Manhattan Office Leasing Posts Best Performance Since 2019

Barchart · 01/07 13:02

Manhattan office leasing in 2024 posted its best performance since before the pandemic, Avison Young and JLL said in separate year-end reports. A key factor was the increase in large-block leasing activity, with the 44 transactions of 100,000 square feet or more auguring well for 2025, according to Avison Young. JLL put the large-block tally at greater than 50 for the year.

Both services firms cited year-over-year decreases in empty office space. JLL reported a 60-basis-point decrease in vacancy to 16.2%, while Avison Young cited a 180-bp decline in the availability rate, encompassing both direct and sublet space.

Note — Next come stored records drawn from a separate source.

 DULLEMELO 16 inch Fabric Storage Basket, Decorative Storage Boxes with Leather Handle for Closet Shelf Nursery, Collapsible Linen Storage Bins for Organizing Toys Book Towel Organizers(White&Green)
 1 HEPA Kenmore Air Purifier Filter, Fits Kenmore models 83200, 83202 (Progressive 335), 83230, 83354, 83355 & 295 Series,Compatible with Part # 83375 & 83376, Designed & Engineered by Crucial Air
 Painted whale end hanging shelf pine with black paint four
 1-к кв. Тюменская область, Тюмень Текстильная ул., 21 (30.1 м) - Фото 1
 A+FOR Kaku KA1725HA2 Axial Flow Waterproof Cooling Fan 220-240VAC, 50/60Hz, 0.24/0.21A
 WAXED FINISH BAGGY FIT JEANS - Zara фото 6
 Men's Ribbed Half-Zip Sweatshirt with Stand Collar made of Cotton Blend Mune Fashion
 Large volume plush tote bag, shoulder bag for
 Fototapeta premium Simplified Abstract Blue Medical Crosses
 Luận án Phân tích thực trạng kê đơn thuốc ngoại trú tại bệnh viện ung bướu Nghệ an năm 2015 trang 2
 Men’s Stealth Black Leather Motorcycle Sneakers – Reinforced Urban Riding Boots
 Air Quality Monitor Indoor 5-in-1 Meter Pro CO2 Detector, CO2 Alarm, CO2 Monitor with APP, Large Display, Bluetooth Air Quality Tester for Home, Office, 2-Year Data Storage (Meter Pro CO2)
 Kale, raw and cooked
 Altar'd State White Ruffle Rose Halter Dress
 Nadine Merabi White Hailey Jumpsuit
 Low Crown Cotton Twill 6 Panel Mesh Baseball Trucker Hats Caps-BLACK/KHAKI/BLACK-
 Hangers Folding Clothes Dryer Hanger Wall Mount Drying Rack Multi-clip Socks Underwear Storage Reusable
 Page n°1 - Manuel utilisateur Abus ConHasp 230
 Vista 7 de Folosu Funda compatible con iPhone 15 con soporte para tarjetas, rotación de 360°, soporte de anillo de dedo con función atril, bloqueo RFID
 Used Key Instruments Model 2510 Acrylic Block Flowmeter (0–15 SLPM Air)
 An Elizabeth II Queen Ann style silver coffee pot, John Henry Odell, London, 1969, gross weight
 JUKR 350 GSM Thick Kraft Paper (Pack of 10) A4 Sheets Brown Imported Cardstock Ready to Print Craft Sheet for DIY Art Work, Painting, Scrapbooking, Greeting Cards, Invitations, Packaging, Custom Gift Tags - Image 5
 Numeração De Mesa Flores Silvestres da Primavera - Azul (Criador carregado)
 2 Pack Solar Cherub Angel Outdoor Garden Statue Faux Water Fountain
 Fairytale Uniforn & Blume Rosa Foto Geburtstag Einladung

Looking ahead to 2025 and beyond, Avison Young noted that banking, finance, insurance & real estate tenants account for 41.8% of expiring leases by square footage among major office-using industries between now and 2030, totaling 42.5 million square feet. The next largest share of lease expirations is media & PR tenants at 15.4%, totaling 15.6 million square feet.

Top-tier properties are likely to see the lion’s share of interest, according to JLL’s Monthly Market Snapshot for January. “Leasing activity is likely to be concentrated at the top of the market,” JLL reported. “With no significant amount of new construction on the horizon, this demand will spill over to high-quality Class A buildings, increasing competition—and pricing—for these spaces.”

Pictured: 919 Third Ave., where Bloomberg LP renewed and expanded to more than 900,000 square feet.